The board was already hemorrhaging directors. Four resigned last week alone. That brought the total of director resignations since January 2026 to six — a statistic that, on its own, indicated how badly the internal dynamics had broken down.
As recently as Sunday — the same day the committee submitted its report — Aminul’s response was to dig in, declaring he was determined to stay on as BCB president. Aminul framed the situation as turbulence to be weathered rather than a reckoning to be faced. The government moved faster than he apparently expected.
Bangladesh Cricket’s Governance Problem Isn’t New — But the Fix Has to Be
The events around the October 2025 elections didn’t emerge from nowhere either. Bangladesh cricket’s administrative history is marked by political interference, factional disputes and fog around how decisions get made. The BCB’s 2012 election cycle, for instance, produced a board so contested that a faction of councillors attempted to hold a parallel AGM. Earlier, in 2010, a government-backed candidate’s installation as BCB president sparked open revolt among district associations — a dispute that took months and ministerial intervention to settle.
The BCB has operated in an environment where cricket and politics overlap in ways that most established cricket boards have moved past — or at least gotten better at obscuring.
What the Asaduzzaman committee did was something relatively rare in South Asian cricket governance: it put together a documented, specific, quote-and-article-cited account of how an election went wrong. The findings reference constitutional articles, interview witnesses, cross-check timelines and name individuals. That’s not always how these things go. The Pakistan Cricket Board’s internal review following the 2018 elections, by contrast, produced a report that named no individuals, cited no constitutional articles and recommended no specific disciplinary measures. It was widely described by Pakistani journalists at the time as designed to soak up pressure rather than put names to the problem. One reporter covering the PCB beat in Lahore noted that the findings were essentially a summary of what everyone already knew, stripped of anything actionable.
Whether the findings lead to actual structural reform — elections that are genuinely free, councillor processes that can’t be gamed by a sitting president, e-voting systems with real confidentiality protections — depends entirely on what happens in the next three months and who wins the fresh elections. Tamim steps into the role as one of Bangladesh’s most beloved cricketers. That earns him goodwill. He’ll need more than that. But goodwill doesn’t rewrite constitutions or prevent the next Aminul from finding the same loopholes.

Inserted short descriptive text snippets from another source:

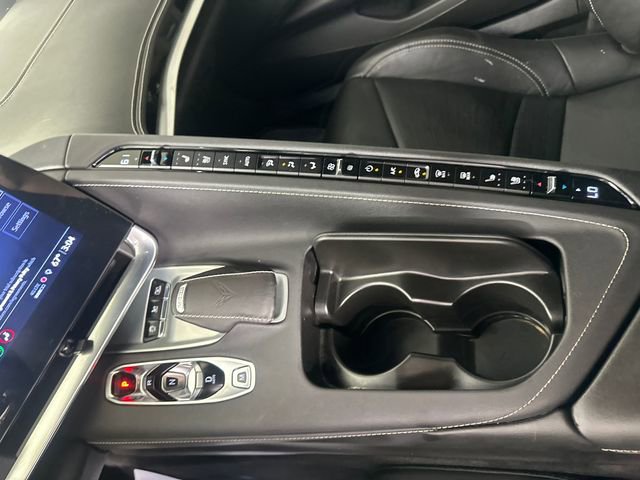 Used 2023 Chevrolet Corvette Stingray Preferred Cpe w/ Battery Protection Package image 29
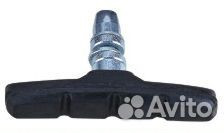 Тормозные колодки для велосипеда V-brake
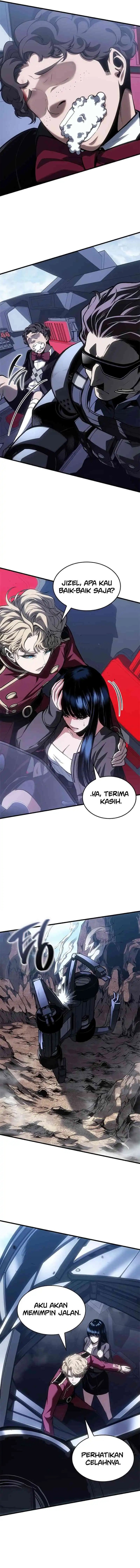 Bad Born Blood Chapter 61 Gambar 6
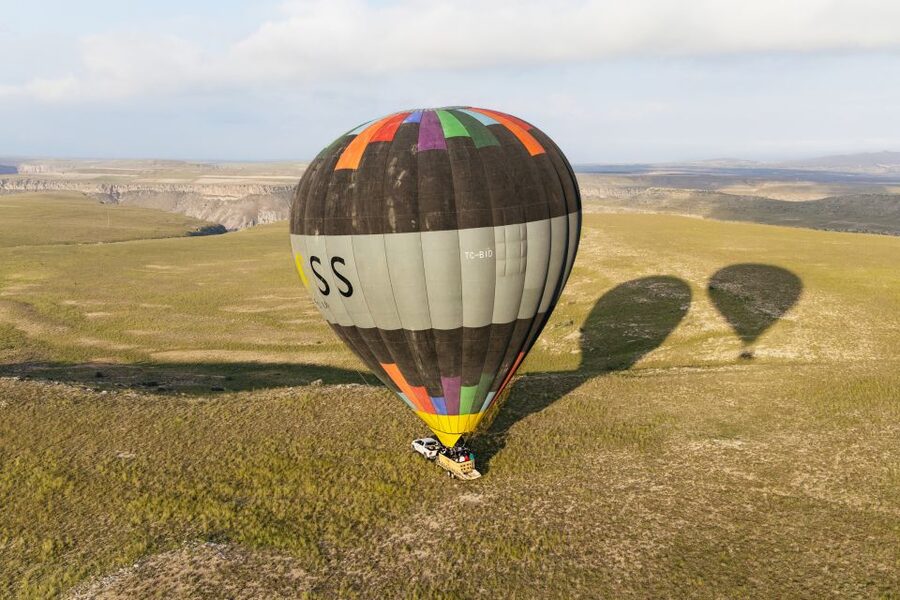 Cappadocia: Soganli Valley Hot Air Balloon Tour at Sunrise - What Soganli gives you, and what it does not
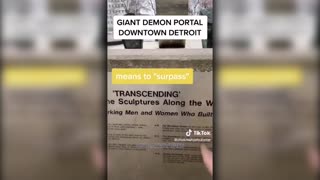Exposing Demonic Portals In Detroit - 2/10/23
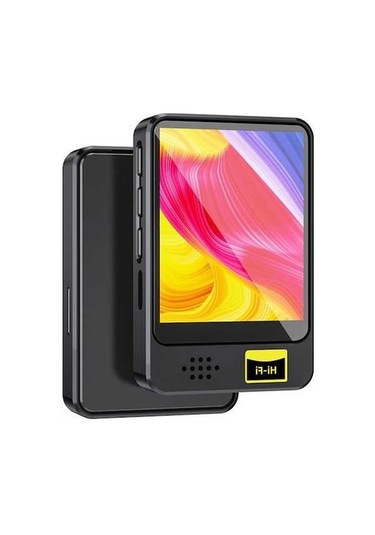 Flybuy Mini Bluetooth Mp3 Çalar - Spor Seyahat Kullanım İçin Kompakt Müzik Çalar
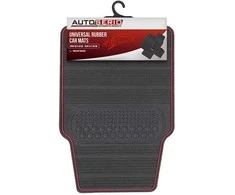 Automobilių kilimėliai Autoserio, Universalūs, 4 vnt.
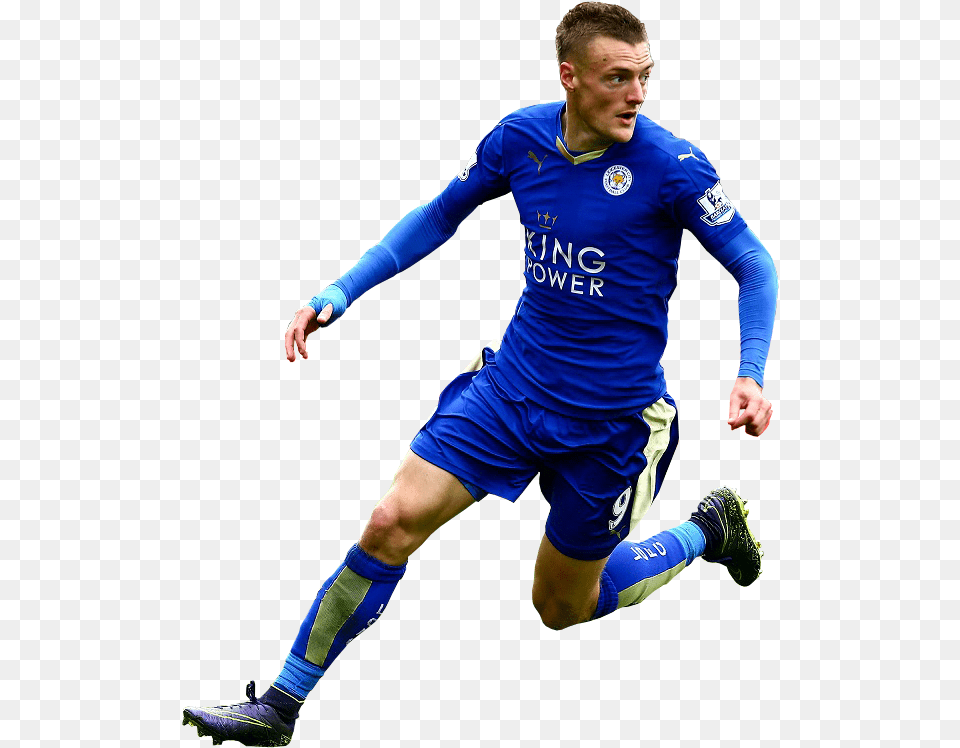 Jamie Vardy Leicester City Football Jamie Vardy, Body Part, Person, Finger, Hand Png Image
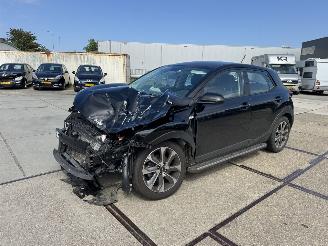 Schadeauto Kia Stonic 1.0 T-GDI Comf. plusline Navigator 2018/10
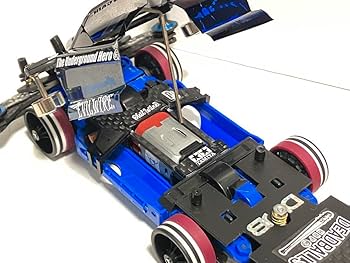 Amazon | ミニ四駆完成品 MSフレキ ラウディーブル 通販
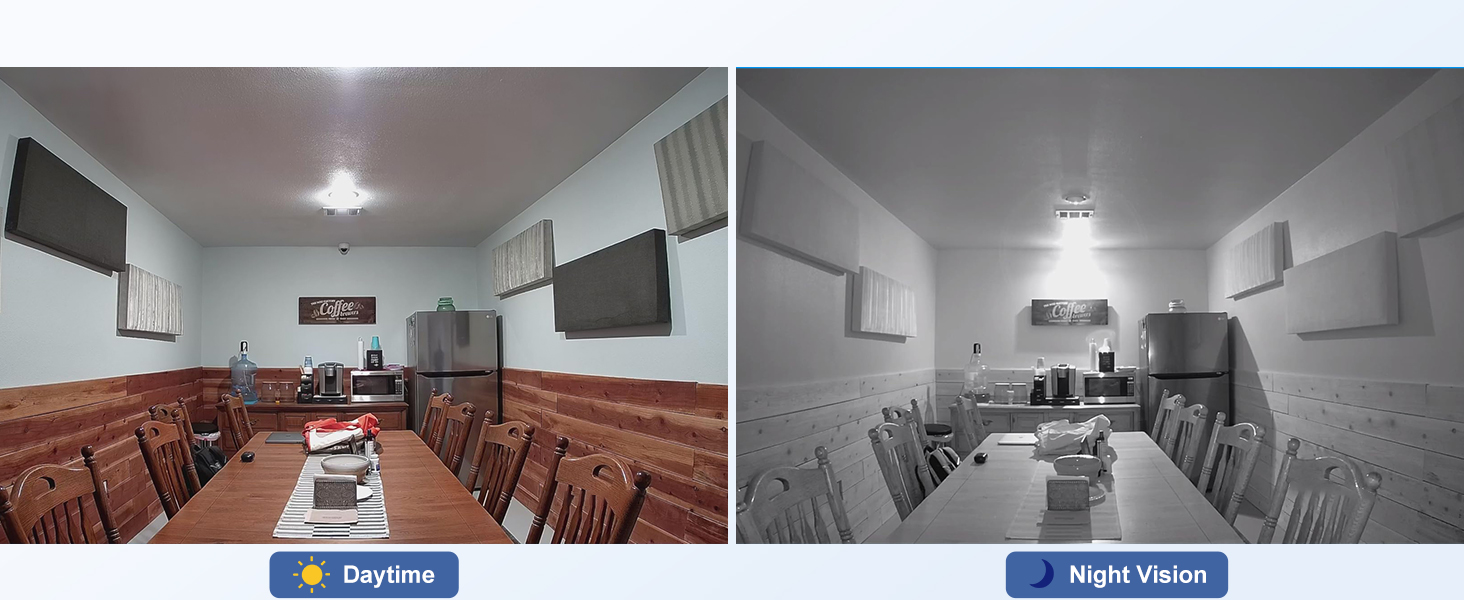 PTZ Camera Two-Way Audio Function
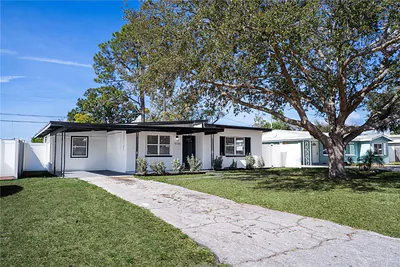 5170 FLAMINGO DRIVE St Petersburg FL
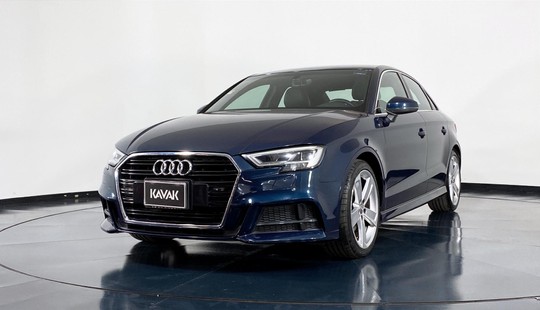 Audi A3 S Line Sedan 2017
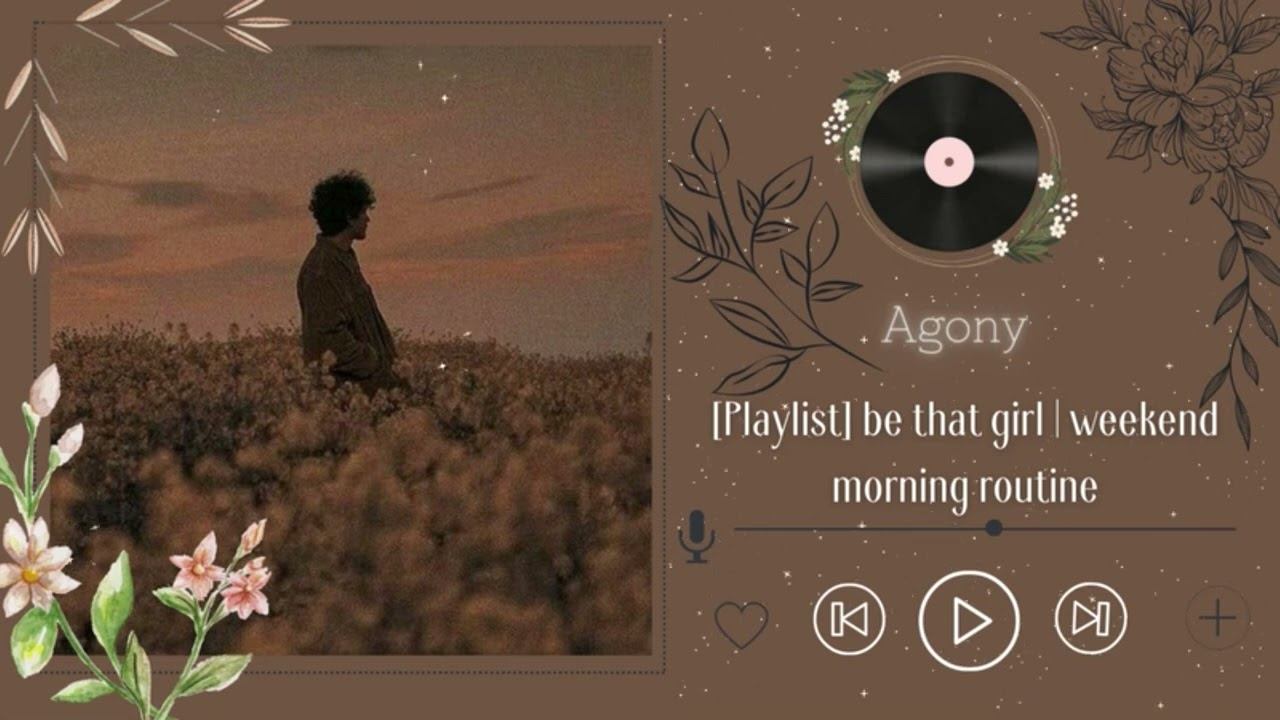 Chill Music Playlist Start your day positively with me | Morning Playlist смотреть онлайн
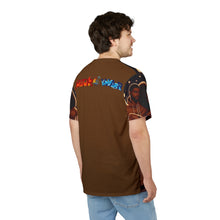 Load image into Gallery viewer, Romantic Virgo Couples Tee - Unisex Cut &amp; Sew T-Shirt with Love Illustration
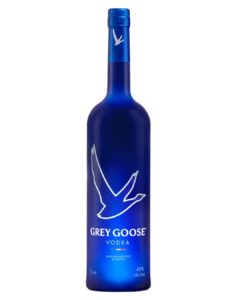 Grey Goose Night Vision Bottle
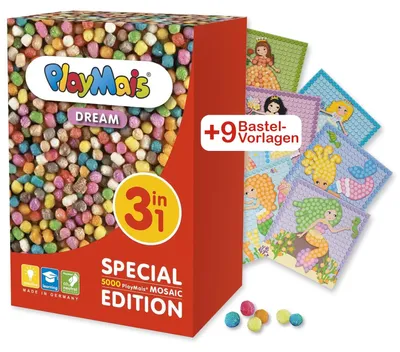 Zdjęcie produktu dla Playmais Dream – zestaw 3 w 1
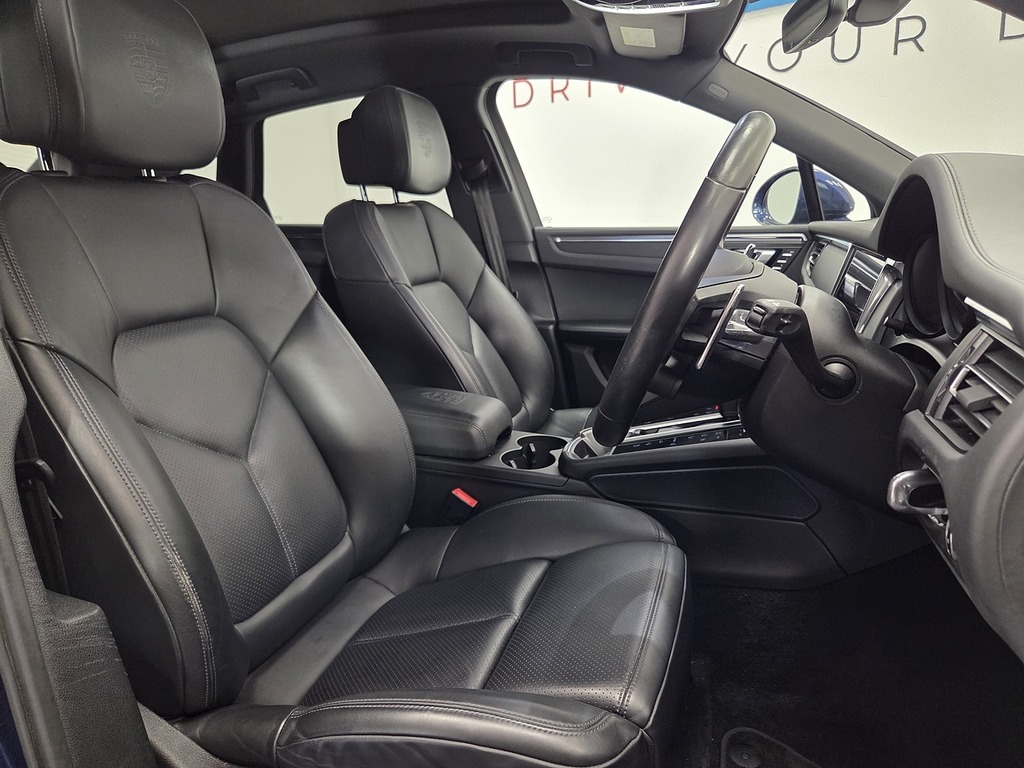 Porsche Macan 2.0T Suv Pdk 4Wd Euro 6 Ss 265 Ps Blue #2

Afghanistan Cricket Board offers an instructive parallel. When a reform-minded administration took over in 2019 following a governance crisis, it inherited widespread goodwill — and a structural environment in which the same pressure points remained exploitable. Within two years, oversight of player contracts and selection had drifted back into informal networks. The constitution hadn’t changed. The incentives hadn’t changed. Only the faces had.
The BCB constitution’s Article 9.3.3 was already there in black and white — and it still didn’t stop what happened. The paper exists. The enforcement never did.